Application of Copula Theory in Modelling Risks by Incorporating Dependence Structure

Joseph Kyalo Mung’atu

Abstract


Insurance companies maintain different lines of business as a mode of diversification which in itself aids in reducing risks of encountering ruin. The dependence structure of these lines of business cannot be ignored especially in rate making as it reduces diversification benefits. However, in practice you would find that risks are more heterogeneous than homogeneous a problem that can be solved by breaking down the risks into a number of homogeneous categories. The lines of business are considered, here, to contain sub-classes which are homogeneous. The lines will depict a hierarchical structure from the sub-classes to the main lines of business up to the portfolio level and their dependence structure is studied here by the hierarchical copulas. In risk classification, similar risks should be assigned to the same class with respect to each variable. The dependencies are examined by fitting copulas, estimating the dependence parameters and lastly using distance matrices to cluster the risks together.
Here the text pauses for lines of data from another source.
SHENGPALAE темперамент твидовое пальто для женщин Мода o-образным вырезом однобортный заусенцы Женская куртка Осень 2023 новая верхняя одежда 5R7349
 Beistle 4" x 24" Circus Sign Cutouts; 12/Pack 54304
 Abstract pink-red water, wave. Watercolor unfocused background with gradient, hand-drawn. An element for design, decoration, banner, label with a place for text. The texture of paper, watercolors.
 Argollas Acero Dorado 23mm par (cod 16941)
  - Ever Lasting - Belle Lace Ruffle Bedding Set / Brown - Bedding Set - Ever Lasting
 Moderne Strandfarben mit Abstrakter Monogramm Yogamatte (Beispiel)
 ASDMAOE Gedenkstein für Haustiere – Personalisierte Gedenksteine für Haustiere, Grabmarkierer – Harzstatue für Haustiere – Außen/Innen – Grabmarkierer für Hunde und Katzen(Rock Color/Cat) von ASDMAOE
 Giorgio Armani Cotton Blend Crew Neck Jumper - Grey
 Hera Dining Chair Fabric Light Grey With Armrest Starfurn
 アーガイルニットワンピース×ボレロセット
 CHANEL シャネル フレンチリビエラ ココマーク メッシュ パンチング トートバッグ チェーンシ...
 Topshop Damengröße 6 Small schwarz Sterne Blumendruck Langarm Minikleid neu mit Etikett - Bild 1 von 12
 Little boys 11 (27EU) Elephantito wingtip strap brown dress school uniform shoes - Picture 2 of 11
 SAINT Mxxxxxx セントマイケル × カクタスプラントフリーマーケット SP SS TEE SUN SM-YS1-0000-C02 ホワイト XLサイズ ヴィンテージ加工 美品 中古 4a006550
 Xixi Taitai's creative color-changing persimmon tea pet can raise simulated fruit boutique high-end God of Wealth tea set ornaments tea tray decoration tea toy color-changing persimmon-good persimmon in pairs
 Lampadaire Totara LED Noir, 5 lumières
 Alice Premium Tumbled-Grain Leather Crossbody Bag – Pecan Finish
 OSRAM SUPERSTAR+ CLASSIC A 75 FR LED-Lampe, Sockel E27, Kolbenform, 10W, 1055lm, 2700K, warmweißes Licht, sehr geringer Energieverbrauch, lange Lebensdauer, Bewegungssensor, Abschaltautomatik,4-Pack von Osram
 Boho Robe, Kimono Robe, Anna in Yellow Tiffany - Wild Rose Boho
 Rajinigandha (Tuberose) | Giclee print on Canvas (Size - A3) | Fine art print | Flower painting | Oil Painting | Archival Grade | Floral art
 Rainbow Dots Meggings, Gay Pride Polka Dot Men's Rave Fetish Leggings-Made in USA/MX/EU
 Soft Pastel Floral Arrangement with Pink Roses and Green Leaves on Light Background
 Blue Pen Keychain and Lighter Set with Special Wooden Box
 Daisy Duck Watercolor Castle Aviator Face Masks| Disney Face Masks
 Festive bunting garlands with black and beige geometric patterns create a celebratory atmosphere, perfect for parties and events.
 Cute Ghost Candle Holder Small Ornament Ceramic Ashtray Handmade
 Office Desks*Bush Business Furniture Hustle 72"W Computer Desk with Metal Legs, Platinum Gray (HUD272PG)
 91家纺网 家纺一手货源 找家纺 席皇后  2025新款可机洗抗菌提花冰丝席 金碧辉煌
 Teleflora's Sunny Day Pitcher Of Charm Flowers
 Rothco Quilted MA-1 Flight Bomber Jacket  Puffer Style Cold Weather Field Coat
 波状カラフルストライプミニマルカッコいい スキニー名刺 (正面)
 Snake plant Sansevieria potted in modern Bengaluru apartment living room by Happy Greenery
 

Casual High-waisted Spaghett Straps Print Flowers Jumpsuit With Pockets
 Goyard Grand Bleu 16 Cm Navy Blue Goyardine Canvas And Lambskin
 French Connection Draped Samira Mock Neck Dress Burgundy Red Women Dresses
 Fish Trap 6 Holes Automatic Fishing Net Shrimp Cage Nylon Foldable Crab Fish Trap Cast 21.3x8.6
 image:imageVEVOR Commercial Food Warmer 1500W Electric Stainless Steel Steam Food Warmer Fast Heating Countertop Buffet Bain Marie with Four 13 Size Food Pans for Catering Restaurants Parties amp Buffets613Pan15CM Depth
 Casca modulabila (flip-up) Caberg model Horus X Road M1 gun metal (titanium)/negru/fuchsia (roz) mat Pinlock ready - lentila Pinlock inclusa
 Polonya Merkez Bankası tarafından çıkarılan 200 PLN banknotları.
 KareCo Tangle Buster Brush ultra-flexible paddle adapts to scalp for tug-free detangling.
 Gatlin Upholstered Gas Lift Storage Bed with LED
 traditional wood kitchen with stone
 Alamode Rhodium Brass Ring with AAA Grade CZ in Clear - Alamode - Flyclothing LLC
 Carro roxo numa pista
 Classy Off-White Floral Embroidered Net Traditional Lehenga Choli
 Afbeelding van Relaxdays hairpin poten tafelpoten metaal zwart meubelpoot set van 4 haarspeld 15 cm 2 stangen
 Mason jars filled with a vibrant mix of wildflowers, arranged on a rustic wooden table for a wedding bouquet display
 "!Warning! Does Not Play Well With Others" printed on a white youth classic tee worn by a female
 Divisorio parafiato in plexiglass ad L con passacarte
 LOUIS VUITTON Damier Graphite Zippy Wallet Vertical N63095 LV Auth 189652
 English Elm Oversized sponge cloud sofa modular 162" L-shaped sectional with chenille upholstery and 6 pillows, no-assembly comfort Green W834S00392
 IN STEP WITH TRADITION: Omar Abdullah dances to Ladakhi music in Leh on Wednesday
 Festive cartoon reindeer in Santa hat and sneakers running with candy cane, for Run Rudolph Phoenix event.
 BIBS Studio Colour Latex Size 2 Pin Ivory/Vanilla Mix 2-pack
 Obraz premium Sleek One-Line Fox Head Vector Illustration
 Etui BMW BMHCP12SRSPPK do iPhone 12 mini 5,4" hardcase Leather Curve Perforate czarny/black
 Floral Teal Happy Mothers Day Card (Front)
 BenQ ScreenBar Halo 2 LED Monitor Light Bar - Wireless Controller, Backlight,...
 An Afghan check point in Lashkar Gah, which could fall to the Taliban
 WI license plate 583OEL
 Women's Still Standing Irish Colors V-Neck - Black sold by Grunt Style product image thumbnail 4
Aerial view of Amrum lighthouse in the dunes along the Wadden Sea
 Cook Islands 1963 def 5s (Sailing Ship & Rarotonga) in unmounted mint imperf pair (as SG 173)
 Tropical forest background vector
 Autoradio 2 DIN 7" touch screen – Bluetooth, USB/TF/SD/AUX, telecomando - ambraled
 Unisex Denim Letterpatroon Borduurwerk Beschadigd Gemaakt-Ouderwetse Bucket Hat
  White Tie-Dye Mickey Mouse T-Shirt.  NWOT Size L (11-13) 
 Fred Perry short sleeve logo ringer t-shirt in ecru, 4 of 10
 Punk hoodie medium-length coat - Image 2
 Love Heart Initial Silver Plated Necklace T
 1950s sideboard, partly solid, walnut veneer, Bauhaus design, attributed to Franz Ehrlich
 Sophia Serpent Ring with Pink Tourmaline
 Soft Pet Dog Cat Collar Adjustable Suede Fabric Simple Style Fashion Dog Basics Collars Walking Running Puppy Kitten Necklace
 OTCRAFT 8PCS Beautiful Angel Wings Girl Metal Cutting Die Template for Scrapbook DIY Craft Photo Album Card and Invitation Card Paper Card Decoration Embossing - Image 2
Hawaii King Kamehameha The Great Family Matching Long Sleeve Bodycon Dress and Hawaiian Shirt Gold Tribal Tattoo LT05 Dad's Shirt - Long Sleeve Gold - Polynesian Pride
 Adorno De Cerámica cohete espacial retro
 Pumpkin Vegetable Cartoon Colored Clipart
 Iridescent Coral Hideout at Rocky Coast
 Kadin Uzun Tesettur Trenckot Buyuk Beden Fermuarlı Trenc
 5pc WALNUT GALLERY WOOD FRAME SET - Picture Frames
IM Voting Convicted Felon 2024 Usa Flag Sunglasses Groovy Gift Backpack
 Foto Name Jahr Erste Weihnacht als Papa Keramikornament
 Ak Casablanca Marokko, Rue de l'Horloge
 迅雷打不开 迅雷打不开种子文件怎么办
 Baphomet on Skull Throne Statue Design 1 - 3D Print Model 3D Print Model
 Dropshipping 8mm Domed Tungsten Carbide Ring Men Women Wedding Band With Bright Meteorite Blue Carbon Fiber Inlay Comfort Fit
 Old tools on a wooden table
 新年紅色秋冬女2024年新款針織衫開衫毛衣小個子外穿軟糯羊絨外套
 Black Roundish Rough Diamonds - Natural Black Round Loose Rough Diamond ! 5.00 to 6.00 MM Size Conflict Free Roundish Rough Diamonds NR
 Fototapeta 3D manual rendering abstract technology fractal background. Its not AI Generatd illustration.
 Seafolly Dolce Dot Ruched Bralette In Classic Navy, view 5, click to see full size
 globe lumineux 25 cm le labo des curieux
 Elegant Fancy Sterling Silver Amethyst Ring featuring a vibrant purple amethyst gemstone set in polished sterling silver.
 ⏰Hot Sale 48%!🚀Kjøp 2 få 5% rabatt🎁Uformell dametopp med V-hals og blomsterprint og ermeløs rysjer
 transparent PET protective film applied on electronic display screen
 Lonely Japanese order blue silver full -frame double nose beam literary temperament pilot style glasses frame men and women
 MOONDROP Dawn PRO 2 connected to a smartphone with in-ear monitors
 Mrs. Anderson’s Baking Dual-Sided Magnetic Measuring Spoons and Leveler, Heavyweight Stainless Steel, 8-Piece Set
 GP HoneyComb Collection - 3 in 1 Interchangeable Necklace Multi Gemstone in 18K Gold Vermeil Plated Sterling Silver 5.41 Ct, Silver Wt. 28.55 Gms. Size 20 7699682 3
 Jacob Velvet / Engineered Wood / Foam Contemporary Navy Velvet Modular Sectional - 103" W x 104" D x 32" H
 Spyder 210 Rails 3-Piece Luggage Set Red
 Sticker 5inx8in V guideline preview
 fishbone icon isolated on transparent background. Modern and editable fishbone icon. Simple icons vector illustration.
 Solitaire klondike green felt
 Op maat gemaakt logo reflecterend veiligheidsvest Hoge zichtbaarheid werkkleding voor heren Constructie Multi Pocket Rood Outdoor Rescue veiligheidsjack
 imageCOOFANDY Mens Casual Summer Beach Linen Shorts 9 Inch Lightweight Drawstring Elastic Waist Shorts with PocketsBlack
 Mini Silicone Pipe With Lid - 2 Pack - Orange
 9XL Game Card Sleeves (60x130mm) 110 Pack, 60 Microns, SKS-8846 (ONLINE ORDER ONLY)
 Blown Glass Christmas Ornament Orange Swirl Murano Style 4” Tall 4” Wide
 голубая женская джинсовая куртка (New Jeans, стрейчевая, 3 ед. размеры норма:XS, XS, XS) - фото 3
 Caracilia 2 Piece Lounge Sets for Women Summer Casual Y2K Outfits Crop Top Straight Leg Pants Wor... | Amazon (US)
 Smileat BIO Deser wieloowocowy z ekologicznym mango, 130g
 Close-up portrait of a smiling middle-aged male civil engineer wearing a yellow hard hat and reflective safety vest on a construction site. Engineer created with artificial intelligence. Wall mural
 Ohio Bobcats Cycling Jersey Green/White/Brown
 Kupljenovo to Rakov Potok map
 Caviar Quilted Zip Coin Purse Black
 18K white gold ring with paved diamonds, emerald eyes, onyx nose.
The distance to use in the classification is determined by the problem at hand. The empirical study derives its data from the general insurance business in Kenya where the risks are classified by the Copula based approach. This work proposed the use of the upper tail dependence, measured by the tail index, derived from the dependence parameter in determining the retention limits for a re-insurance arrangement. Though the dependence is not the only factor to consider for such reinsurance treaties the forwarding proportions should be somewhere proportional to 1/(1 − Tail index). This will ensure that the highly dependent risks in the upper tail will forward higher proportion to the re-insurer and vice versa.